If, like Ricciardo and Piastri, they are in the garage during the red flag, then for the restart they are only “permitted to leave the pitlane when the race is resumed but must re-enter the pitlane when the safety car returns and may join the race once the last car has passed the pit exit after the restart”.

Essentially, you get different treatment if you are not part of the fast lane queue at the time of the red flag. Were Ricciardo and Piastri a lap down but at the back of that queue rather than in their garages they would have been allowed to catch the lap back up.

It's similar to the established practice of lapped cars being allowed to overtake a safety car then try to catch up to the back of the pack.

In Azerbaijan in 2021, for example, Nikita Mazepin was wheeled from the back of the queue in the fast lane to the front of it during the late red flag period, then released onto the track on his own. He drove the lap, returned to the pits, and rejoined at the back of the queue (now on the lead lap), then the full field left the pits to head round to the grid for the standing restart.

So, the only way for Piastri and Ricciardo to restart from the grid in Brazil would have been for both cars to have continued instead of returning to the pits at the end of lap one, and then having their cars repaired in the fast lane rather than the garage.

In hindsight this may have been possible, as a red flag did look likely so theoretically they could have gambled on running with damage behind the safety car for one more lap.
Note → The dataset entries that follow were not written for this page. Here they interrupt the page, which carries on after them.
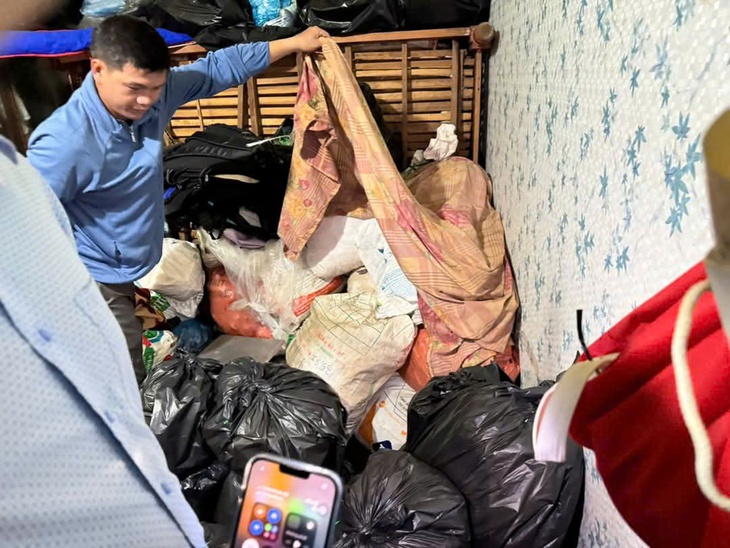 Bắt hai nghi phạm vận chuyển, tàng trữ gần 1,4 tấn thuốc nổ ở Quảng Ngãi - Ảnh 3.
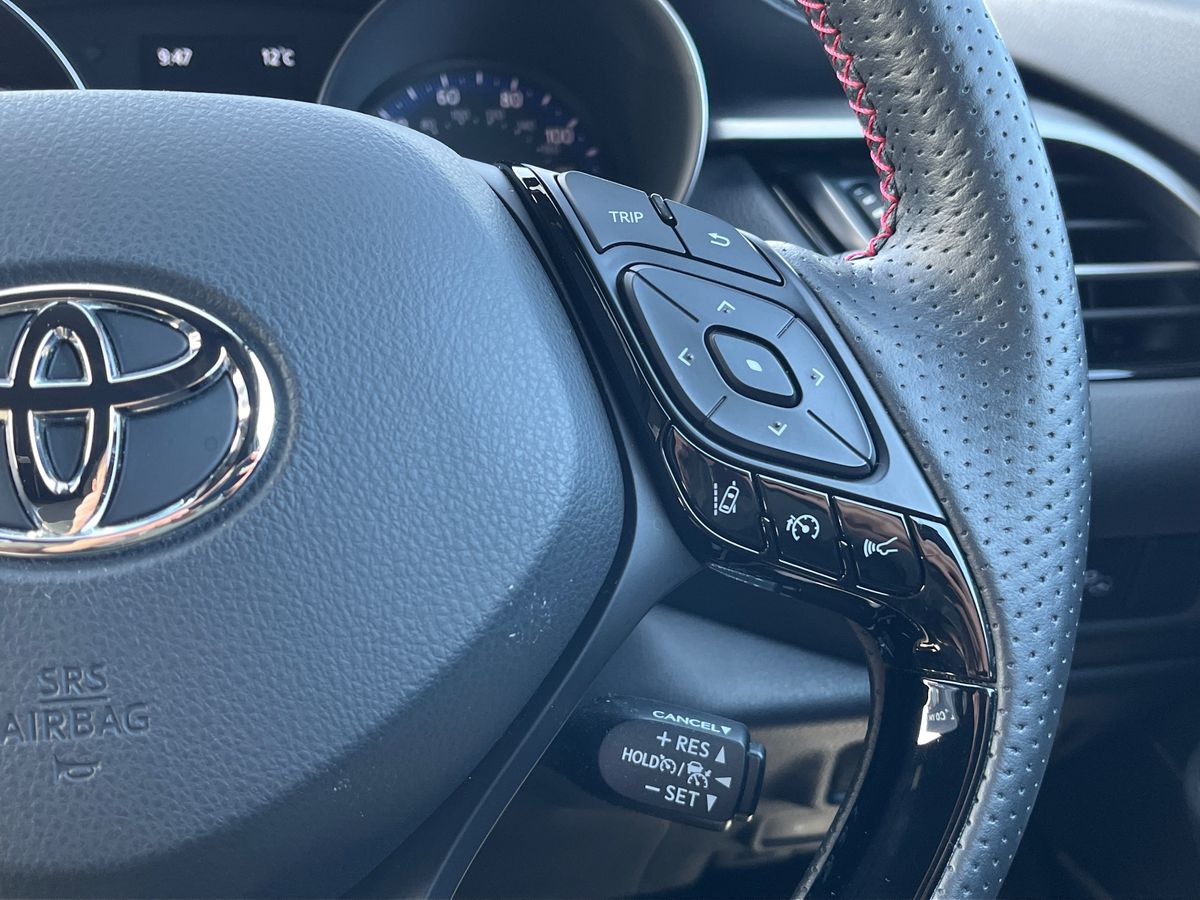 Toyota C-HR Photo 16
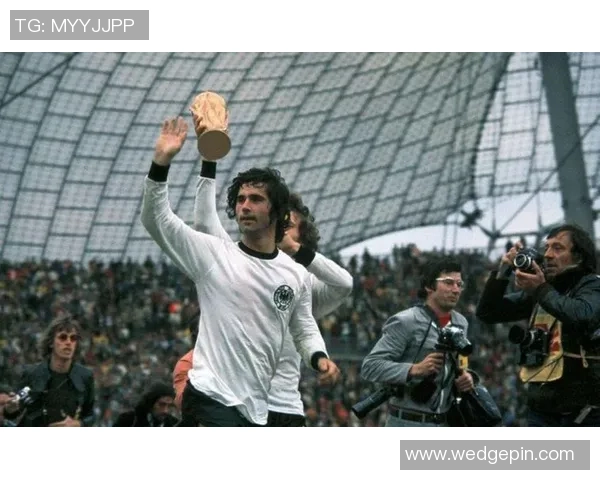 德国足球明星的辉煌历史与成就解析:从贝肯鲍尔到穆勒的时代变迁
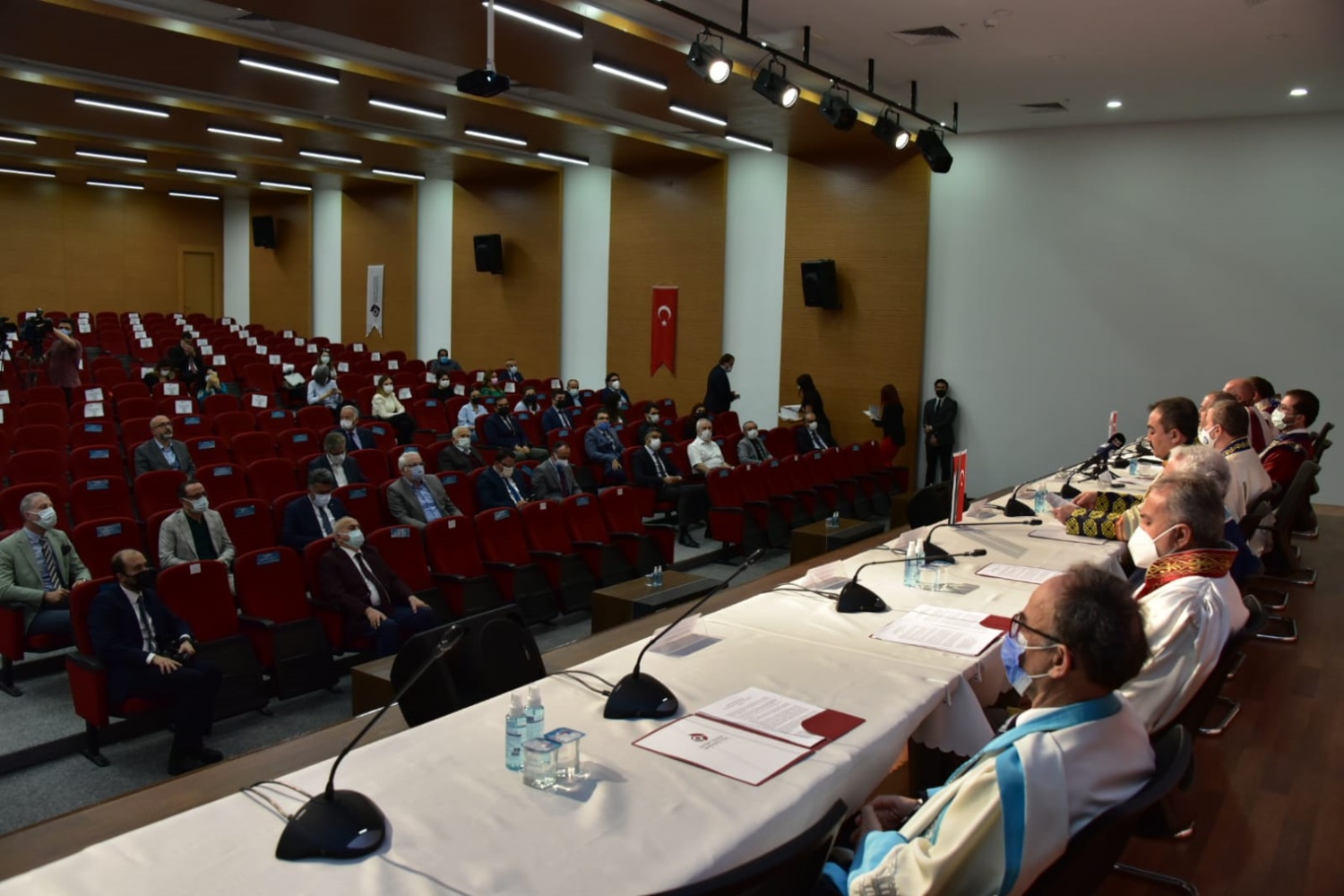 Yükseköğretim Kurulu Başkanlığı’nın geçen hafta akademik camiaya ‘Filistin’e destek’ çağrısı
But it would have risked punishment for continuing with their cars in an unsafe condition and, in any case, the damage on both cars may have needed a full garage environment to repair in such a short time.

The real misfortune was that this was not an immediate red flag. If the field had come into the pits immediately at the end of lap one and then Ricciardo and Piastri had their cars returned to the garage for repairs, they would have still been forced to start from the pits - but at least would not have been a lap down.

Ricciardo has suggested the rule be changed in this case, making the point that in extreme scenarios it could mean more cars being forced to start from the pits a lap down with just a few on the grid.

“My argument is that if 15 cars had our issue today, are they going to start 15 cars in the pitlane a lap down and put five cars on the grid? No,” he said.

“They’re not going to do that, so I think they can use common sense and be a bit more open-minded.

“It’s frustrating that they ruined our day from the beginning.”